El ecosistema digital es el nuevo protagonista de esta guerra de guerrillas, pues es justo allí donde se logran las victorias electorales (y los fraudes o percepción de fraude).
El ciberactivismo está cubierto por las protecciones tradicionales de los derechos humanos, como el derecho a protestar, la libertad de expresión, el derecho de reunión y manifestación y otros derechos políticos básicos, nos dice el escritor Tom Sorell, quien también explica que el hacktivismo es una forma de activismo político utilizado contra poderosas instituciones comerciales y gobiernos. Por otro lado, el clictivismo o activismo de sillón toma su oxígeno desde el poder de sus armas predilectas: un dispositivo y conexión a Internet, para entrar en la plataforma política con el mínimo esfuerzo y recurriendo a ejércitos de bots.
En la batalla, aparecen como tácticas disuasorias las noticias falsas, que contribuyen a «sembrar» en el subconsciente mensajes alejados de la verdad, pero con el componente narrativo que las masas quieren escuchar.

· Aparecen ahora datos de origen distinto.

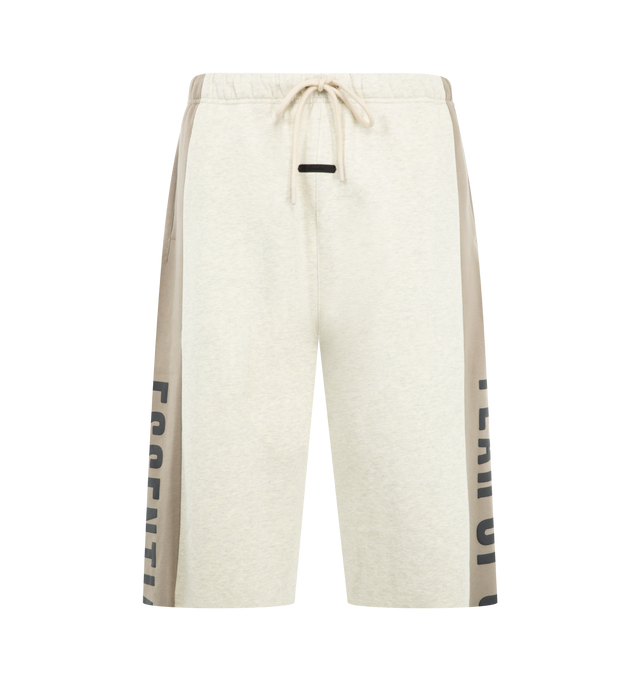 Image 1 of 4 - NEUTRAL - Fear of God Essentials Mens Sweatpants are crafted from heavyweight 380 GSM cotton-blend core fleece. Feature a wide-leg fit, paneled construction, elasticized waistband with bungee drawcord, side-seam pockets, raw-cut hem, puff-printed Fear of God and Essentials branding, and an Essentials logo label. Main Material: 80% Cotton, 20% Polyester.  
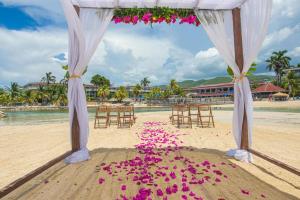 a wedding ceremony on the beach with flowers on the sand at Catalonia Montego Bay - All Inclusive in Montego Bay +263 photos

Una presidenta Xiomara Castro felicitando al mandatario Nicolás Maduro antes del cierre de las urnas; una Laura Richardson (del Comando Sur de Estados Unidos) llamando a los venezolanos a pedir una intervención inmediata… Ambas son noticias falsas que circularon rápidamente e hicieron a muchos caer en las redes de mentiras.
Las trampas están por doquier e incrementan el odio entre ciudadanos de diferentes países, pero del mismo continente; un funcionario grillándole a un multimillonario; congresistas y funcionarios pisoteando la diplomacia. Y hasta Anonymous entró al ruedo.
Auspiciadas por el cuarto poder que recae en los medios de comunicación, un cuartel que se convierte en la mano invisible que mece las urnas y a las audiencias, a quienes no les queda de otra que confiar firmemente en lo que leen y consumen, repitiéndolo como credo y dando la vida por él.
Las elecciones no se ganan con votos, sino con «buena» prensa, entendiéndose esta como la que se utiliza cual aguja hipodérmica para inyectar pseudo verdades que anestesian hasta adormecer.
Usan la persuasión para lavar cerebros y champucear ideas, mientras los espectadores sudan calenturas ajenas y entran en el campo de batalla para entretener a los faraones -verdaderos artífices de estas reyertas ideológicas- que con ínfulas hegemónicas alquilan personas de perfil mediático, pero dudosa credibilidad, para contribuir al ilusionismo de la solidaridad, empatía y esperanza; crean cuentas a su imagen y semejanza para sembrar confusión y caos.
Aún sin ser observadores, acompañadores, ciudadanos venezolanos, expertos en política exterior o expertos en sistemas electorales, hay quienes juran y perjuran que hubo fraude, ¿por qué? Simplemente, por los días de opacidad sin datos abiertos, sobre todo cuando quien debería estar más interesado en legitimar el proceso se negó a mostrar las actas.
Ni la Organización de las Naciones Unidas (ONU), ni la Organización de Estados Americanos (OEA, de la que -como me contó una vez en una entrevista el gran Matías Funes-QDDG-, se decía que son iniciales que no sirven ni para aprenderse las vocales), ni el Centro Carter, ni las asociaciones y redes que desde Honduras exigen un cese a la violencia, podrán hacer nada. Habrá que rezarle a la Virgen de Coromoto, porque solo los venezolanos podrán resolver esta crisis.
Mientras, en Honduras, el pánico pre-electoral se comienza a sentir, en Venezuela se cumple una semana de enfrentamientos entre oficialismo y oposición, el continente se debate entre una Venezuela socialista-democrática y una Venezuela dictatorial-represiva; entretanto, el mundo sigue en medio de la guerra, pero sin novedad en el frente.